• _PROMPT_:
Transcribe, exactly and in full, every record shown below, while omitting its images.

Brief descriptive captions
::::::::::

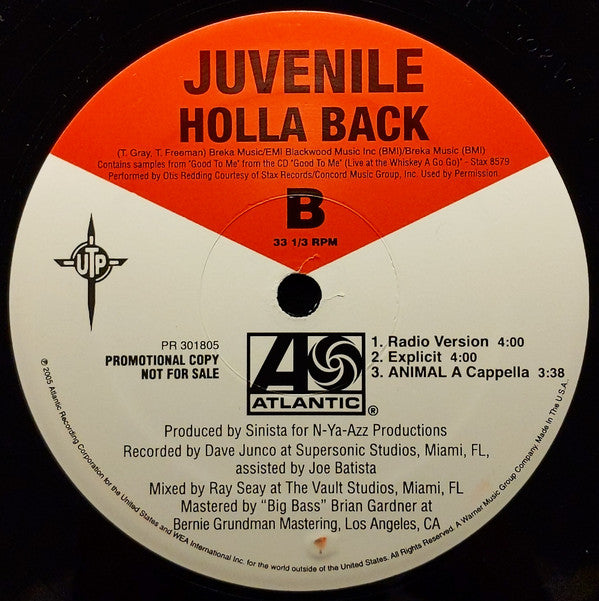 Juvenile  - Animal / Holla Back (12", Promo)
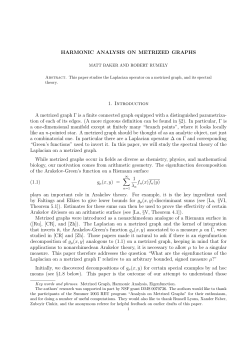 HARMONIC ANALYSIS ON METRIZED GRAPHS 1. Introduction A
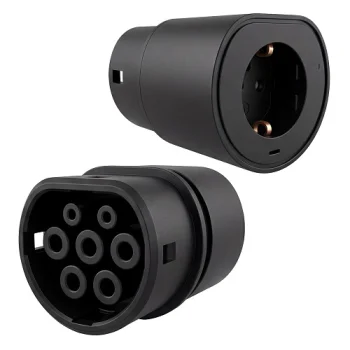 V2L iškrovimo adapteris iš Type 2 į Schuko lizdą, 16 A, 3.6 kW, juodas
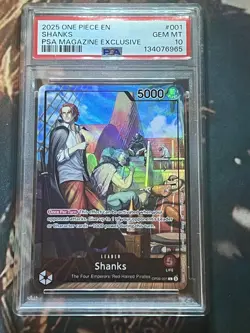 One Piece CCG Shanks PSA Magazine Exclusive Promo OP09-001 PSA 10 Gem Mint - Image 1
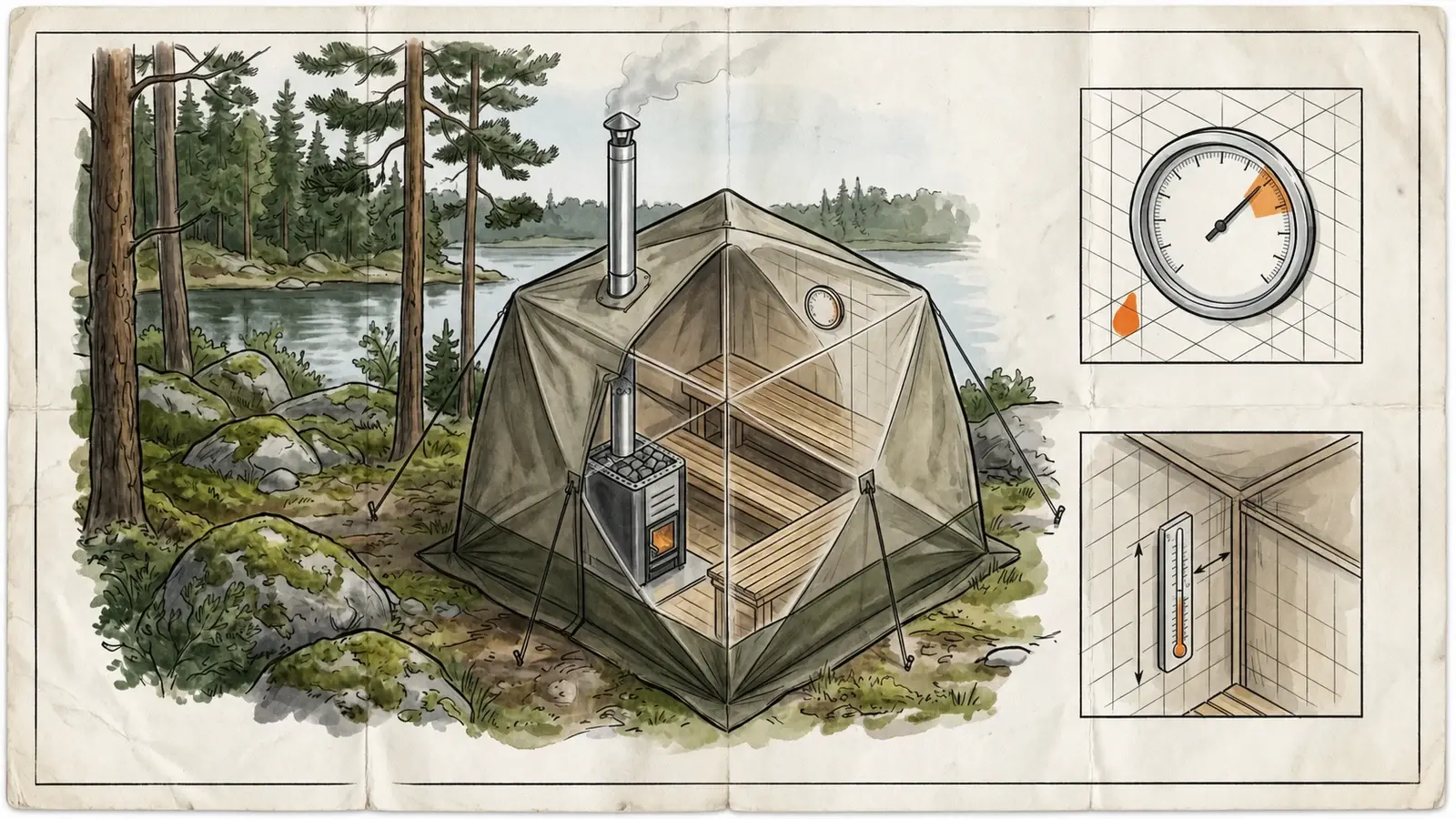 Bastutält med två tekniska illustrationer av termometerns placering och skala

::::::::::

• _PROBLEM SOLUTION_:
 Juvenile  - Animal / Holla Back (12", Promo)
 HARMONIC ANALYSIS ON METRIZED GRAPHS 1. Introduction A
 V2L iškrovimo adapteris iš Type 2 į Schuko lizdą, 16 A, 3.6 kW, juodas
 One Piece CCG Shanks PSA Magazine Exclusive Promo OP09-001 PSA 10 Gem Mint - Image 1
 Bastutält med två tekniska illustrationer av termometerns placering och skala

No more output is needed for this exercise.